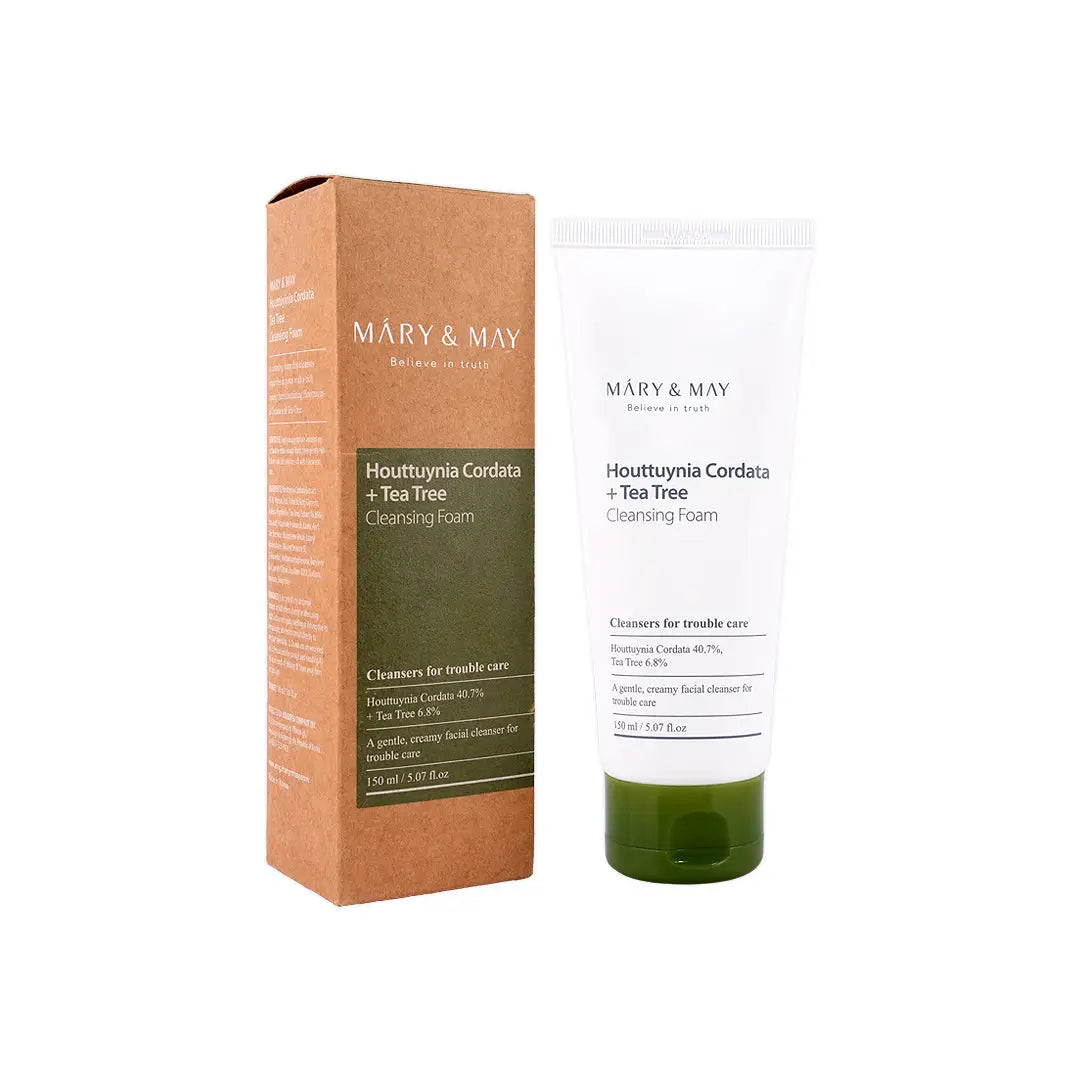 58908-Mary & May Houttuynia Cordata +Tea Tree Cleansing Foam 150mL +3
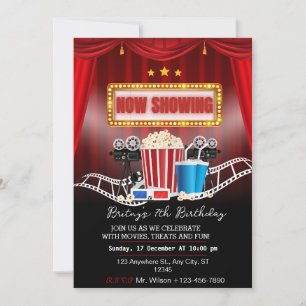 Invitación a la fiesta de cumpleaños de la noche d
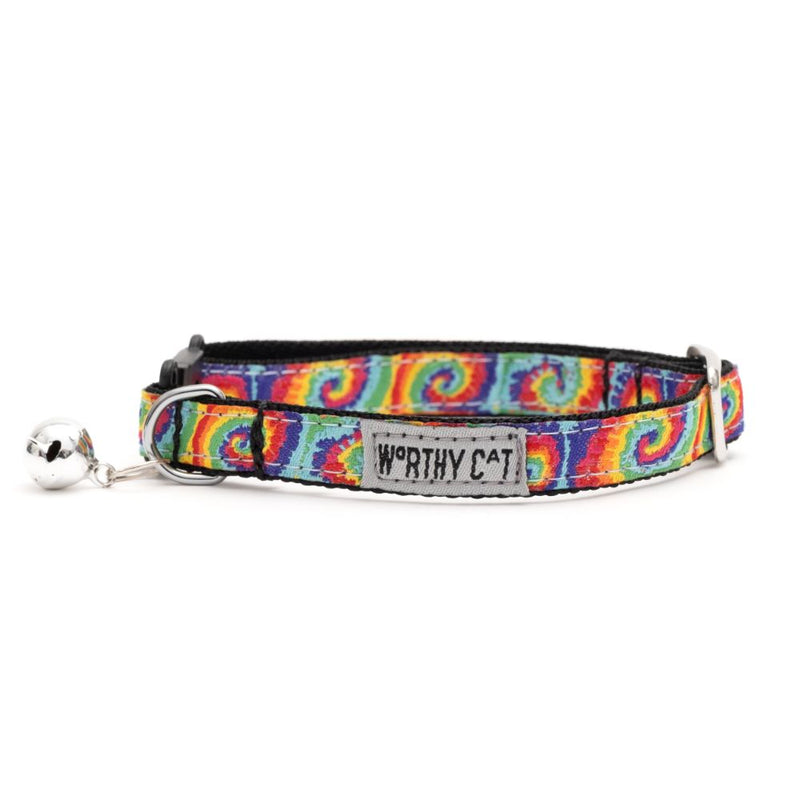 Kaleidoscope Cat Collar - 3 Red Rovers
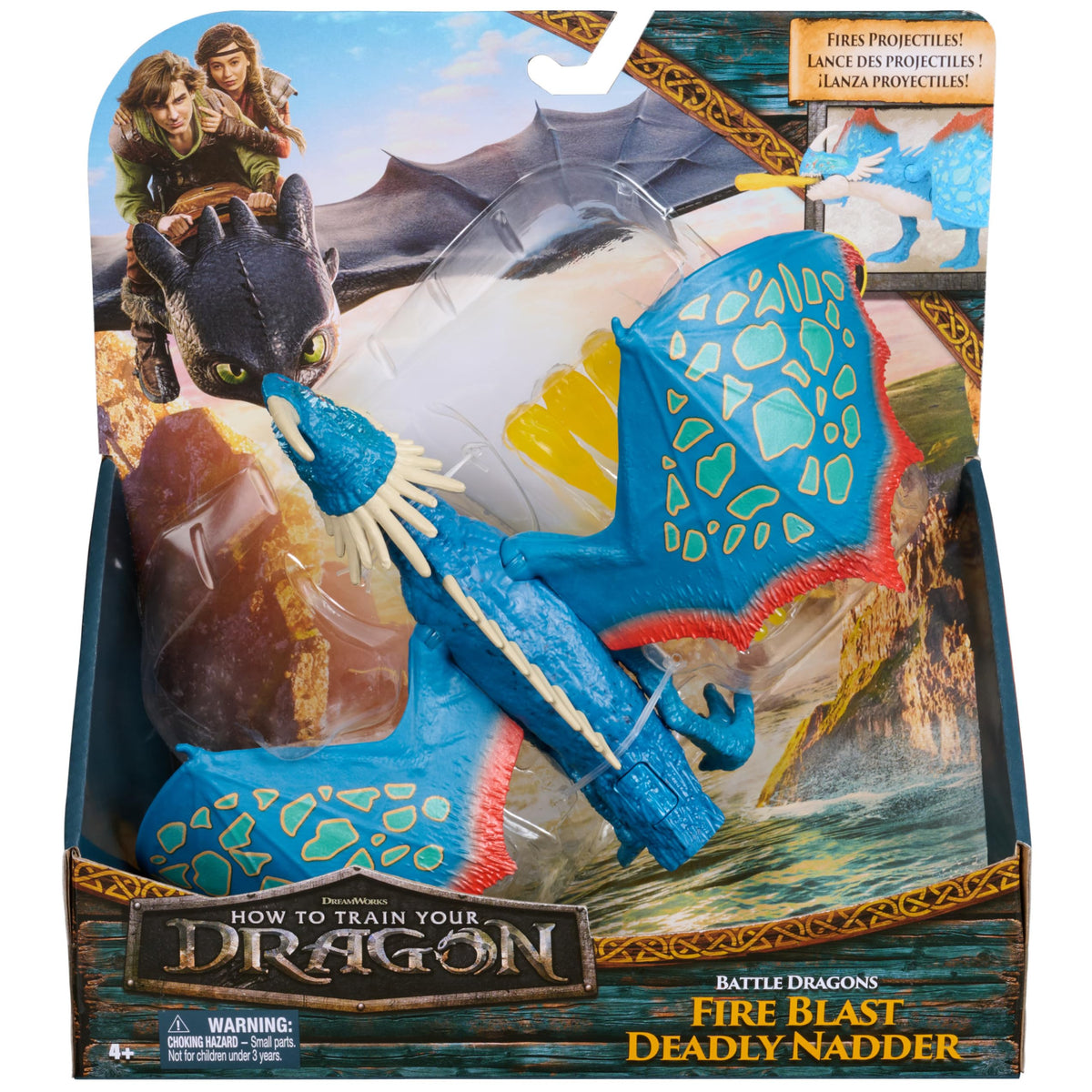 DreamWorks Dragons Battle Dragons Fire Blast Deadly Nadder 10-Inch Action Figure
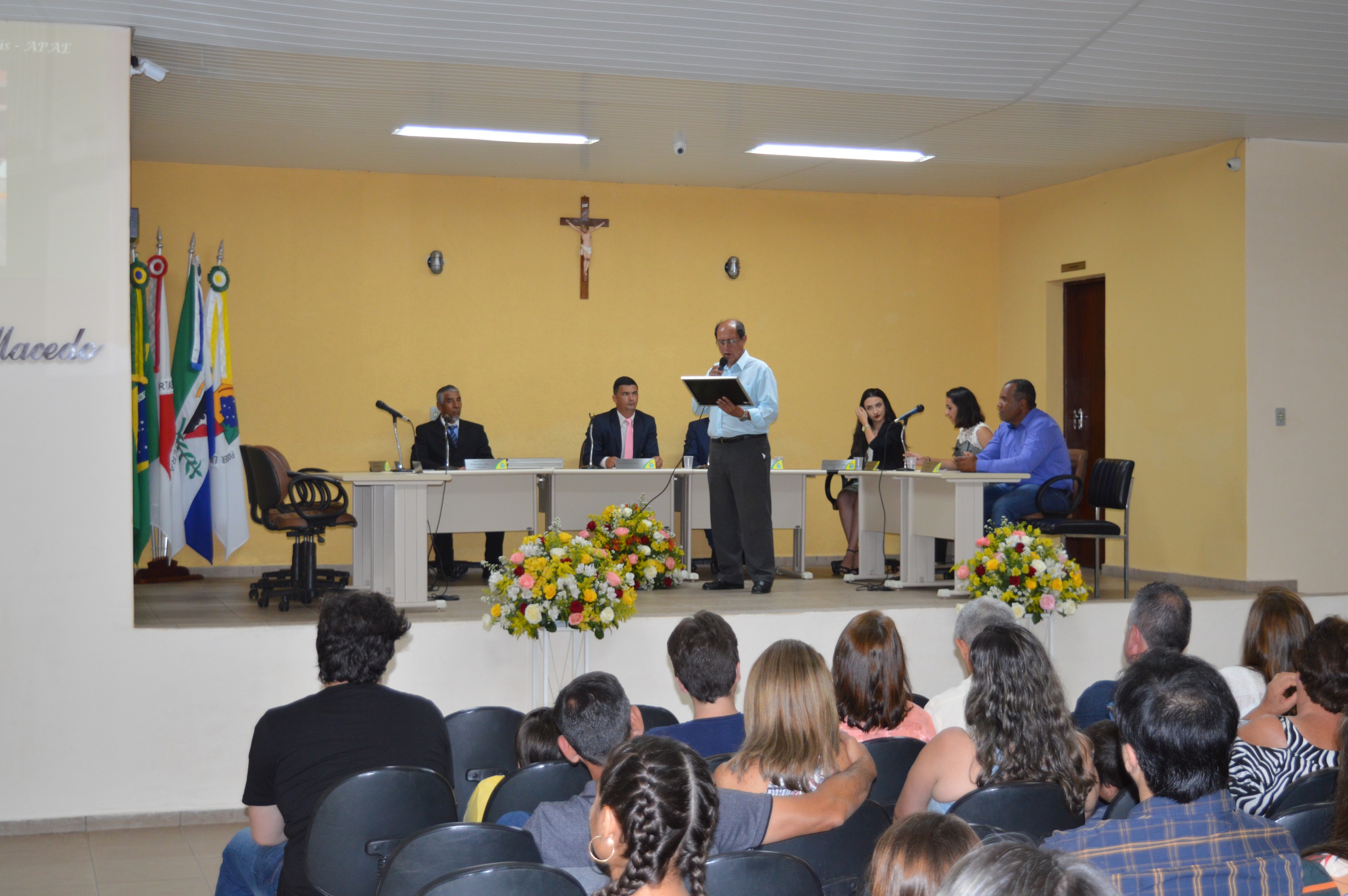 Entrega do Título de Mérito Educacional em 2019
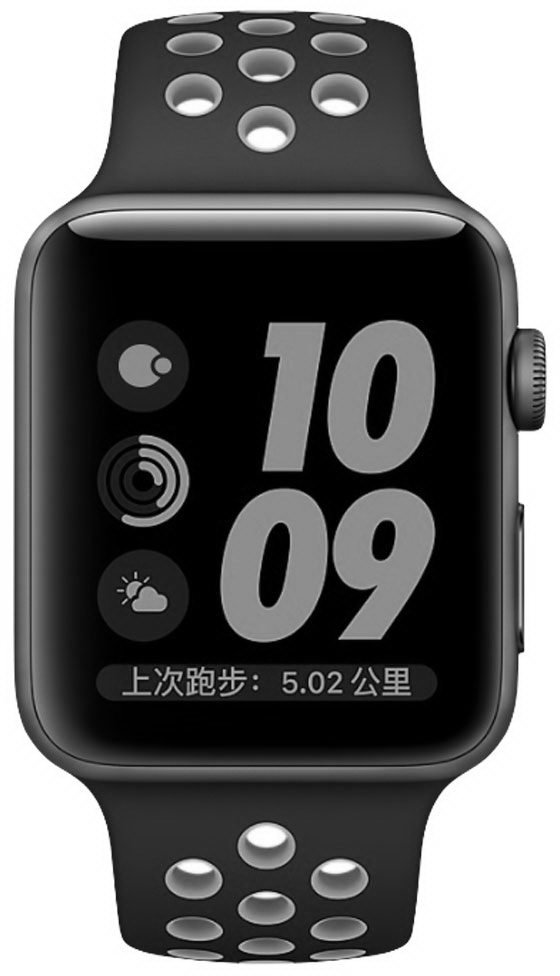 COTEetCI W12 Nike Band Black/Cool Gray (WH5216-BK-GY) for Apple Watch 38/40mm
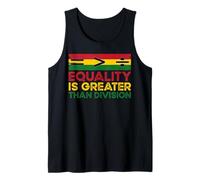 La igualdad de la historia negra es mayor que la división Juneteenth Camiseta sin Mangas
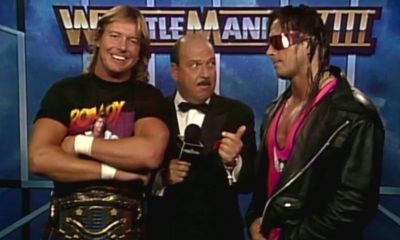WrestleMania 8 Roddy Piper Bret Hard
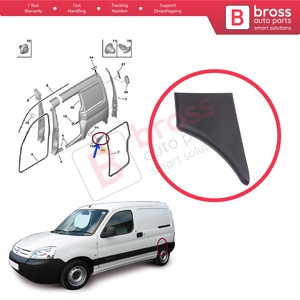 Moldura de Guardabarros Trasero Izquierdo BSP1201-1 para Berlingo MK1 M49 M59 1996-2008 8547L9 - Product Image 5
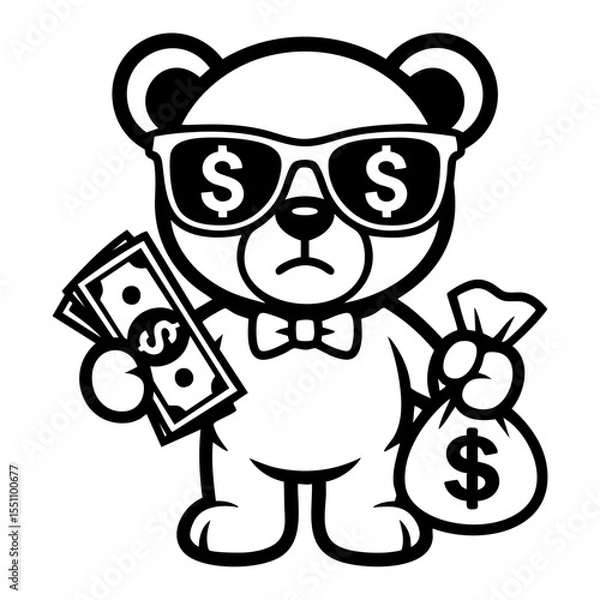 Fototapeta Here are a few options for your image description, keeping it concise and without a colon:

A cute cartoon panda bear illustration with a smiling heart

Smiling panda character with a heart, a fun ani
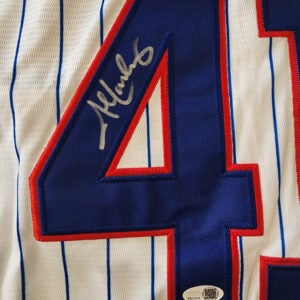 John Lackey Autographed 2016 World Series Chicago Cubs Home Jersey v1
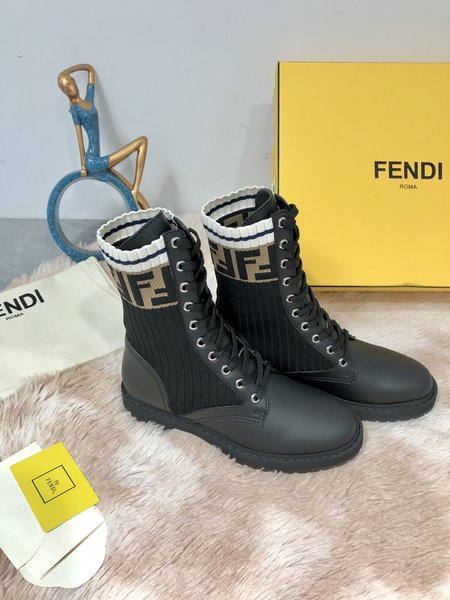 Fendi Stretch Mid Martin Boots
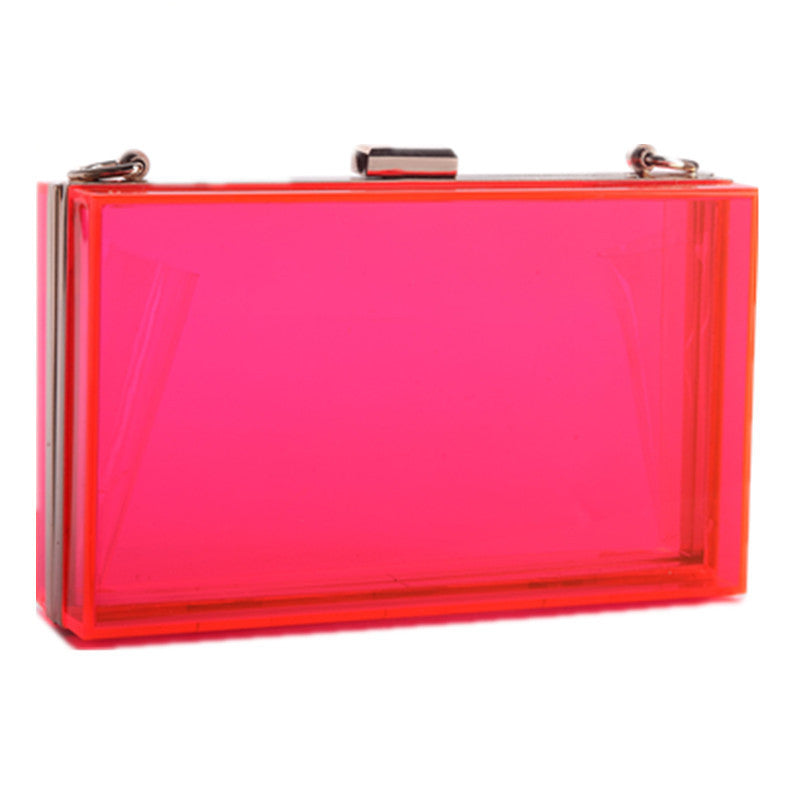 Women Evening Bags Acrylic Transparent Day Clutch Female Handbags Purse Luxury Brand Ladies Messenger Shoulder Crossbody Box Bag-Dollar Bargains Online Shopping Australia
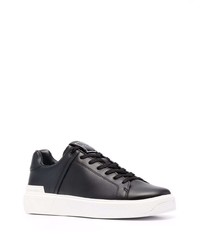 Baskets basses en cuir noires Balmain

▸ **PROBLEM STATEMENT**: What to print is the stretch of entries from the line with "A cute cartoon" up to and including the line with "Women Evening Bags". Please print it exactly and leave out the pictures.

▸ **FINISHED EXERCISE**:
A cute cartoon panda bear illustration with a smiling heart

Smiling panda character with a heart, a fun ani
 John Lackey Autographed 2016 World Series Chicago Cubs Home Jersey v1
 Fendi Stretch Mid Martin Boots
 Women Evening Bags Acrylic Transparent Day Clutch Female Handbags Purse Luxury Brand Ladies Messenger Shoulder Crossbody Box Bag-Dollar Bargains Online Shopping Australia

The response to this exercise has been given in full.